No exterior, rebentaram então os gritos dos curiosos, com alguns moradores do Bairro do Aleixo a entoarem insultos dirigidos ao presidente da câmara.

O Aleixo, no Porto, já só tem três torres ao alto e os destroços de uma outra à espera de serem agora retirados. Apesar da proximidade da Rua da Mocidade da Arrábida, os destroços do edifício ficaram contidos no terreno em frente e não será necessário proceder à limpeza da artéria, pelo que os moradores deverão poder regressar a sua casa antes do meio-dia e meia.

No final da operação, Rui Rio que, desta vez, escolheu o centro de operações para assistir à implosão (“para ser diferente” da primeira vez, quando preferiu ir para uma embarcação no meio do Douro), resumiu a queda da torre com um “correu tudo bem, uns segundos e o problema fica resolvido”.

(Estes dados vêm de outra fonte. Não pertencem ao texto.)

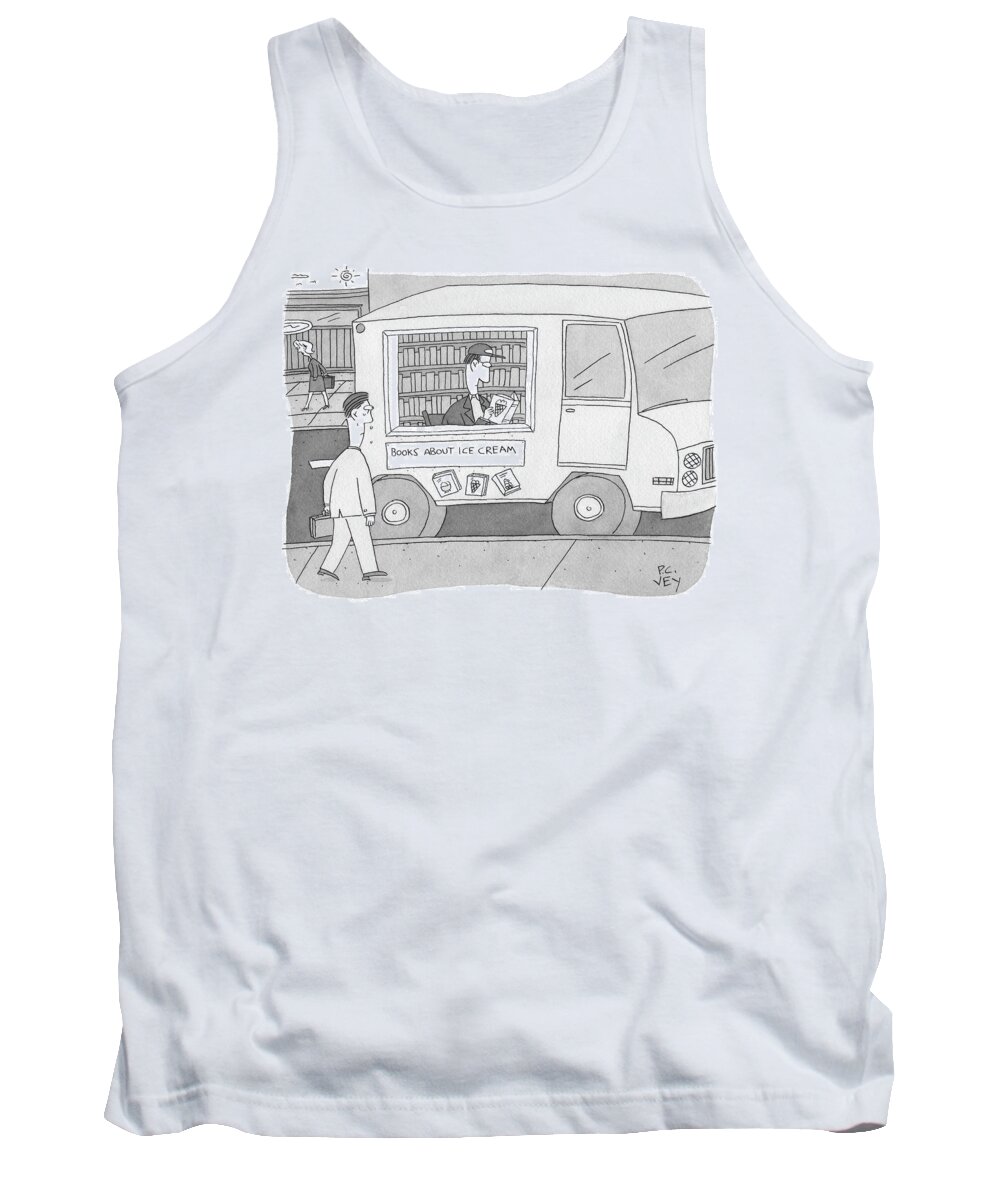 Ice Cream Tank Top featuring the drawing Books About Ice Cream by Peter C Vey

Para quem assistira à primeira implosão, em Dezembro de 2011, sobrava a ideia de que esta torre, ao contrário da 5, não rodou tanto, e não se desfez em pedaços tão pequenos, ficando inteira uma parte muito considerável da estrutura, acima do sétimo piso. “Tudo tal como estava projectado”, disse o comandante Rebelo de Carvalho, explicando que a torre 5 estava mais próxima do edifício vizinho (a torre 4, agora destruída), pelo que foi necessário aplicar uma carga explosiva que garantisse que o edifício se desfizesse em pedaços mais pequenos.

Ricardo Pereira, engenheiro da empresa Restrada - que também foi responsável pela implosão de 2011 - disse ao PÚBLICO que, de facto, "a parte superior do prédio podia ter-se partido mais um bocadinho", que sempre era trabalho que se poupava. Mas acrescentou que, nesse aspecto, o comportamento dos edifícios é sempre algo imprevisível e que, em todo o caso, o desabamento foi "perfeito". Do grande bloco que não se desfez hão-de tratar as retroescavadoras sem dificuldades de maior, garantiu.

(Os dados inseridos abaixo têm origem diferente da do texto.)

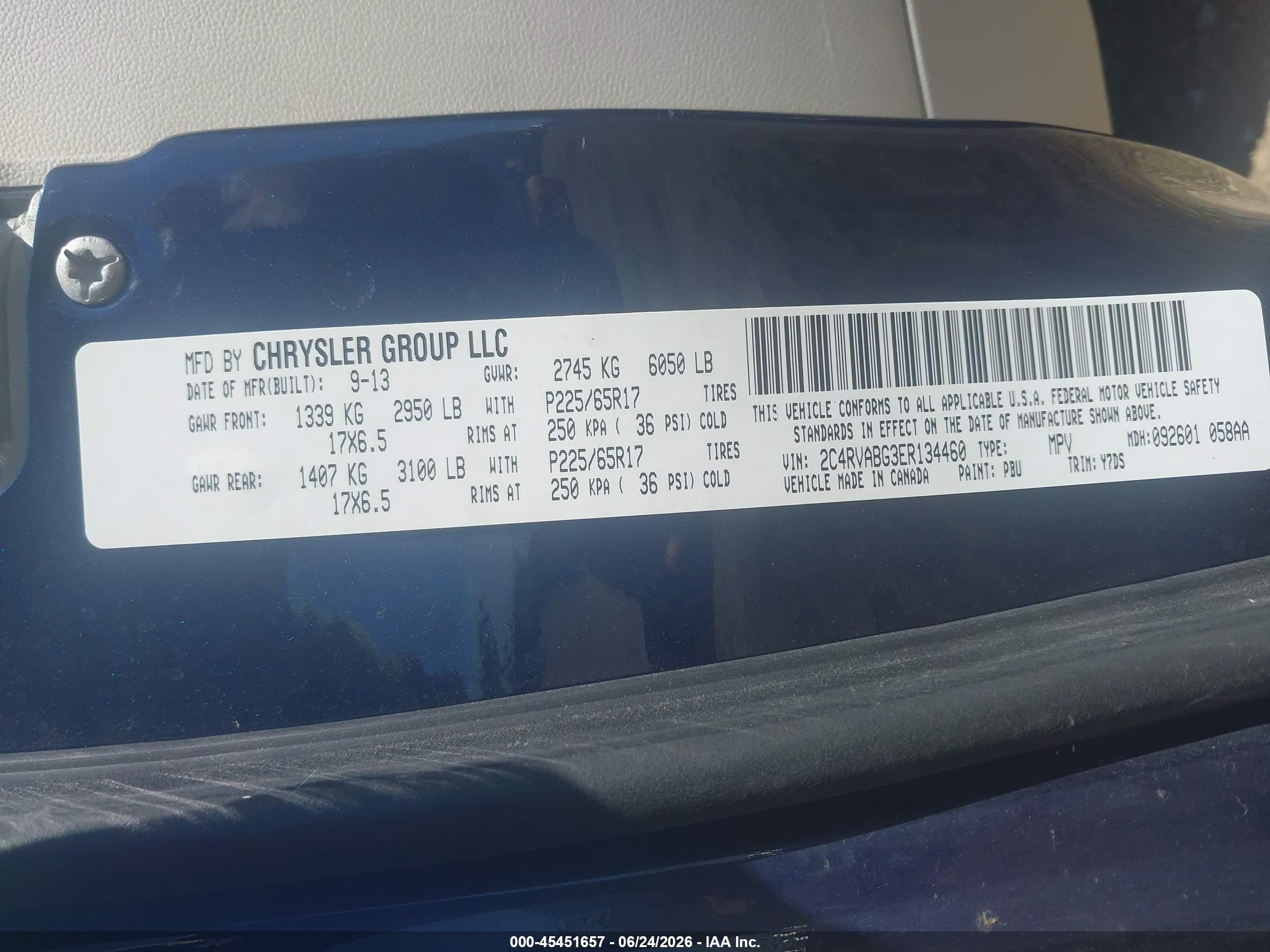 2014 Volkswagen Routan Se Dark Blue vin: 2C4RVABG3ER134460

"Isto tem de ser terminado", diz Rio

Rui Rio chegara ao local pouco antes das 11h, para assistir à implosão, confessando sentir-se satisfeito mas assumindo o respeito pelas pessoas do bairro. Em declarações ao jornalistas pouco antes da contagem decrescente começar, o presidente da câmara, que se fez acompanhar de toda a vereação e do empresário e ex-seleccionador nacional António Oliveira, parceiro da autarquia no fundo imobiliário que há-de transformar os terrenos do Aleixo num condomínio de luxo, assumiu estar ali com uma "mistura de sentimentos, por estar a continuar cumprir a promessa eleitoral de demolir o bairro, mas por saber respeito pela tristeza das pessoas que gostariam de poder permanecer no Aleixo, do qual recordarão "coisas boas certamente".

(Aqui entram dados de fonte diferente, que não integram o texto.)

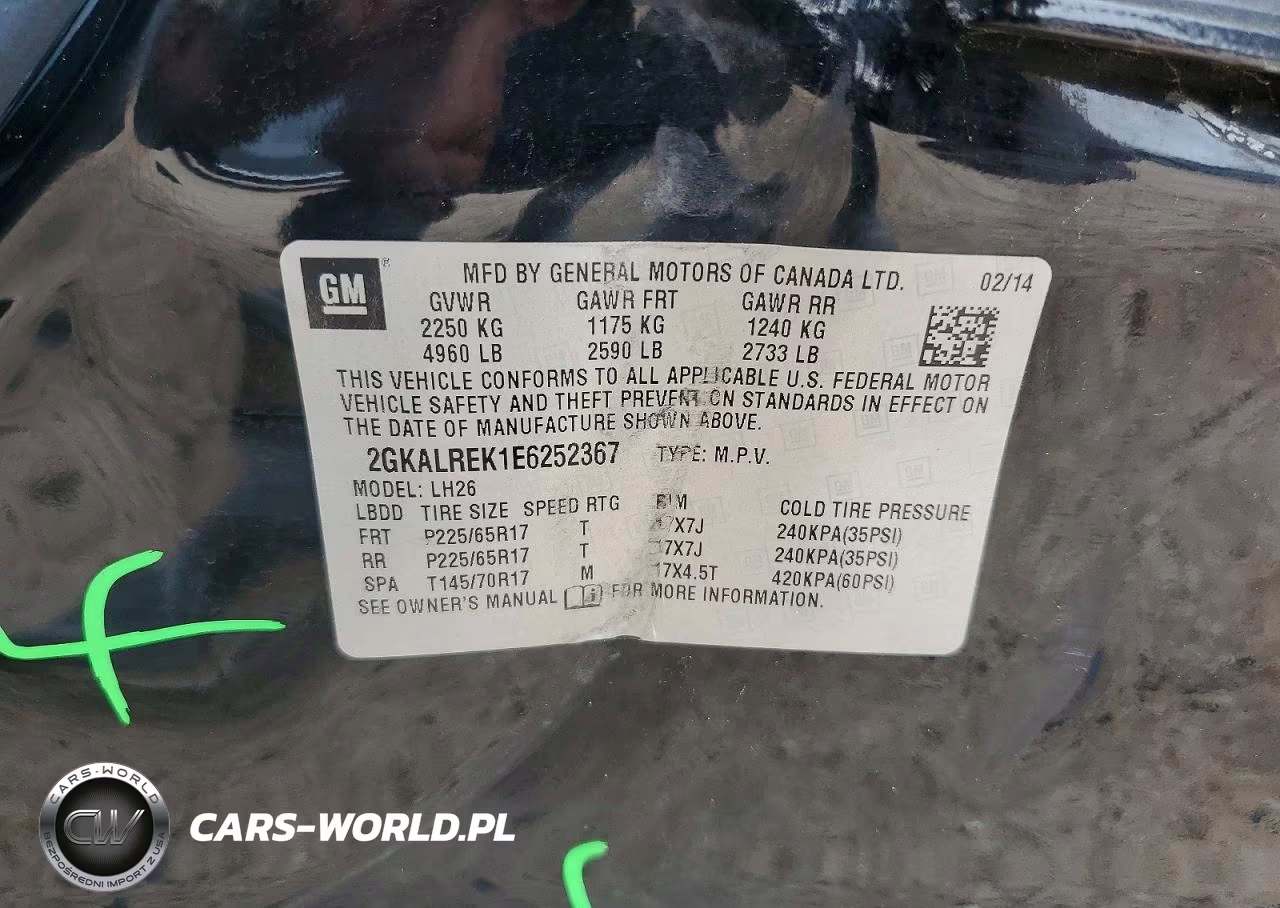 2014 GMC Terrain Sle VIN:2GKALREK1E6252367 - 13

Rio sabe que não vai conseguir demolir as três torres que restam no Aleixo, mas nem por isso considera estar em incumprimento com o eleitorado ao qual fez a promessa. E nem sequer sabe se conseguirá deitar abaixo pelo menos mais uma torre, até ao final do mandato. A que tem menos moradores é a torre 1, mas o autarca voltou a lembrar que, na sua perspectiva, essa deverá ser deixada para o fim, para que o sistema judicial resolva o problema do tráfico de droga e a autarquia não se veja obrigada a realojar pessoas que se dedicam a essa actividade ilícita.

Essa decisão caberá, contudo, ao seu sucessor. E num momento em que já há várias candidaturas no terreno, Rio afirmou estar convicto de que quem vier a seguir deve terminar este projecto. "Ganhe um presidente sóbrio e consciencioso ou ganhe alguém menos sóbrio e menos consciencioso, isto tem de ser terminado", disse. 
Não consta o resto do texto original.